There may be a compelling state interest to say you cannot drive when you’re intoxicated with marijuana, or pregnant women shouldn’t, all those things could be compelling interest. That’s not what we’re asking for. We’re asking a very limited thing here: Only in your own home because that’s the issue presented here.
(Emphasis added.)
Although Sunderland asserted that he used marijuana for religious practices in his own home, he did not seek to draw the conclusion that his right to privacy was implicated. Indeed, as demonstrated by the afore—emphasized portion of the transcript, he expressly disavowed any right to privacy argument. Rather, Sunderland argued that, despite the inability to succeed on privacy grounds in this jurisdiction, his right to the free exercise of religion required the prosecution to demonstrate a compelling state interest justifying a prohibition on the personal, home-use of marijuana. His focus on the home was meant only to distinguish other potential compelling state interests in preventing public harm that may flow from the use of marijuana outside the home. That argument differs from the argument Sunder-land now seeks to assert on appeal—that his right to privacy encompasses the right to possess marijuana for religious purposes within the confines of his own home.
Therefore, inasmuch as Sunderland did not raise his right-to-privacy argument before the trial court, we do not address it. See HRS § 641-2 (Supp.2004) (“The appellate court ... need not consider a point that was not presented in the trial court in an appro*400priate manner.”); State v. Naeole, 62 Haw. 563, 570, 617 P.2d 820, 826 (1980) (stating that it is well-established that “an issue raised for the first time on appeal will not be considered by the reviewing courts”); State v.
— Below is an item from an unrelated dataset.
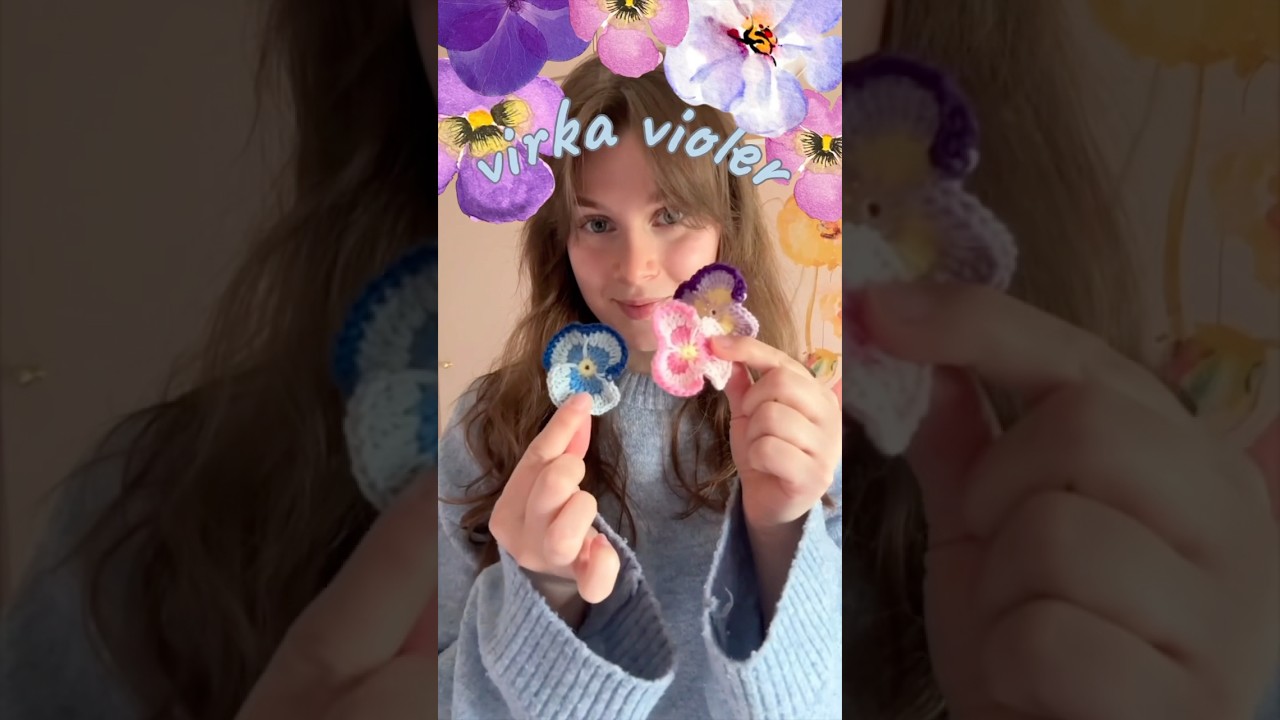 Hur man virkar violer🌸 #crochet #virka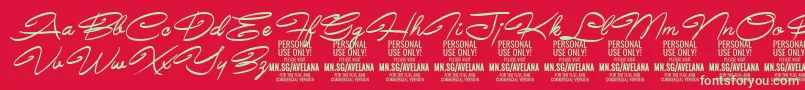 フォントAvelanaMediumItalic PERSONAL – 赤い背景に緑の文字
Kahalewai, 56 Haw. 481, 491, 541 P.2d 1020, 1027 (1975) (“Generally, appellate courts will not consider questions which were not raised in the trial courts.”); Territory v. Kelley, 38 Haw. 433, 435 (1949) (“[N]o question of constitutionality of the ordinance was ... called to the attention of the trial court and ruled upon, nor has any failure to rule been preserved by proper exceptions. No such question, therefore, can be properly raised for the first time in this court.”); Onaka, 112 Hawai'i at 386, 146 P.3d at 101 (“[T]he rule in this jurisdiction ... prohibits an appellant from complaining for the first time on appeal of error to which he has acquiesced or to which he failed to object.”) (Ellipses in original.) (Citations omitted.).
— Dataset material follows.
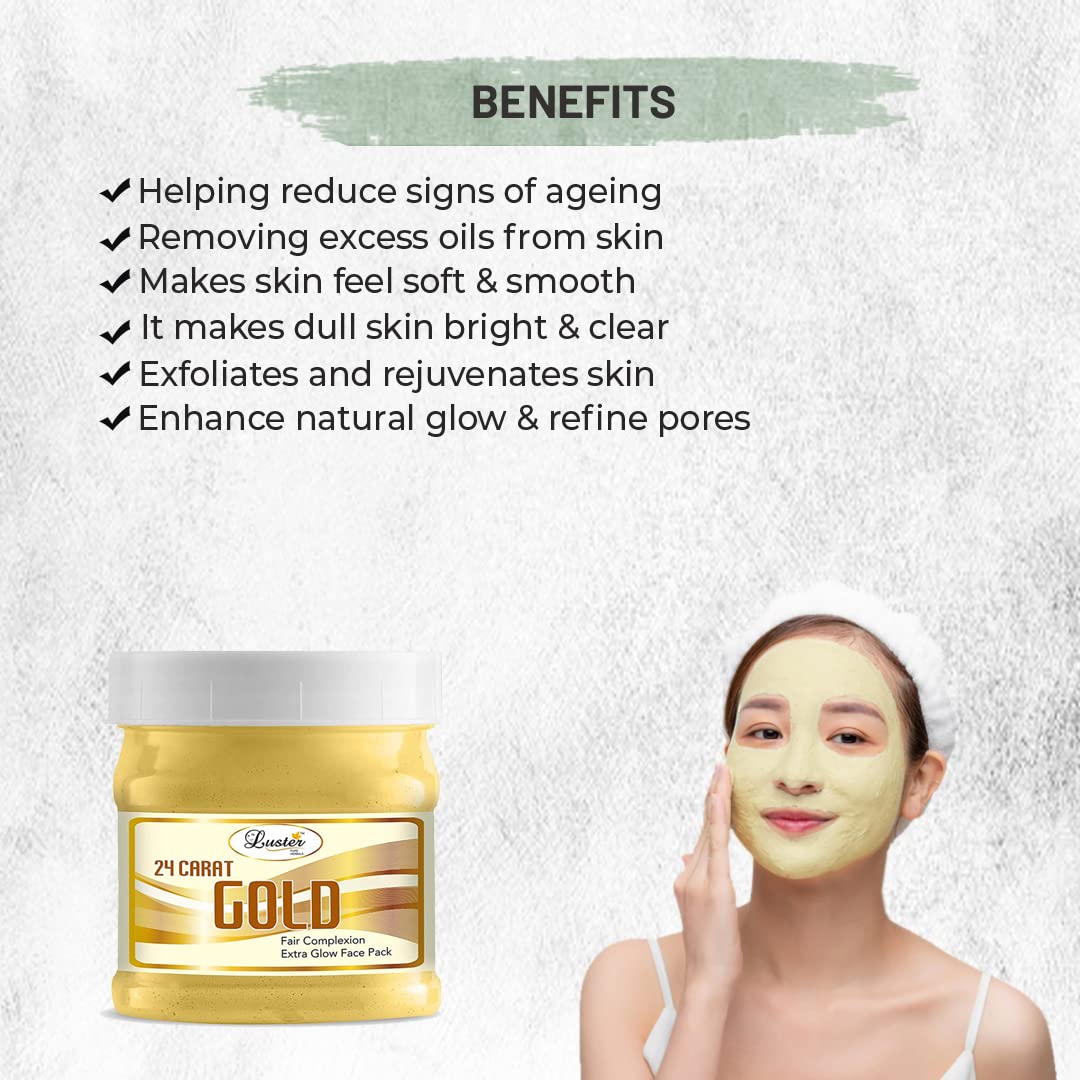 24K Gold Face Mask for Glowing & Brightening Skin - Oily & Dry Skin Care - Paraben & Sulfate Free - 500g - Perfect for Spa Day, Self-Care Routine & Gift Giving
B. Enforcement of HRS § 712-1249 Does Not Violate Sunderland’s First Amendment Right to the Free Exercise of Religion.
1. The parties’ arguments
Sunderland’s argument is thus reduced to his assertion that HRS § 712-1249 violates his right to the free exercise of religion guaranteed by the first amendment to the United States Constitution (“First Amendment”). Specifically, Sunderland refers this court to the analysis set forth by the United States Supreme Court in Sherbert v. Verner, 374 U.S. 398, 83 S.Ct. 1790, 10 L.Ed.2d 965 (1963). He asserts that under Sherbert, a governmental regulation will be scrutinized for a compelling interest where the party challenging the regulation’s constitutionality has demonstrated that the regulation substantially burdens the party’s religious practices. See, e.g., Sherbert, 374 U.S. at 406, 83 S.Ct. 1790 (“We must next consider whether some compelling state interest ... justifies the substantial infringement of appellant’s First Amendment right.”); Wisconsin v. Yoder, 406 U.S. 205, 214, 92 S.Ct. 1526, 32 L.Ed.2d 15 (1972) (“[I]n order for Wisconsin to compel school attendance beyond the eighth grade against a claim that such attendance interferes with the practice of a legitimate religious belief, it must appear either that the State does not deny the free exercise of religious belief by its requirement, or that there is a state interest of sufficient magnitude to override the interest claiming protection under the Free Exercise Clause.”). Sunderland points out that the district court presumed that the “religious aspect” was met and argues that the district court erroneously found that the state had a compelling interest in protecting minors from an environment where marijuana was used and encouraged. He contends that the record is devoid of any evidence that (1) the minors present had actual knowledge of the marijuana pipe, or (2) Sunderland encouraged the use of marijuana in any way.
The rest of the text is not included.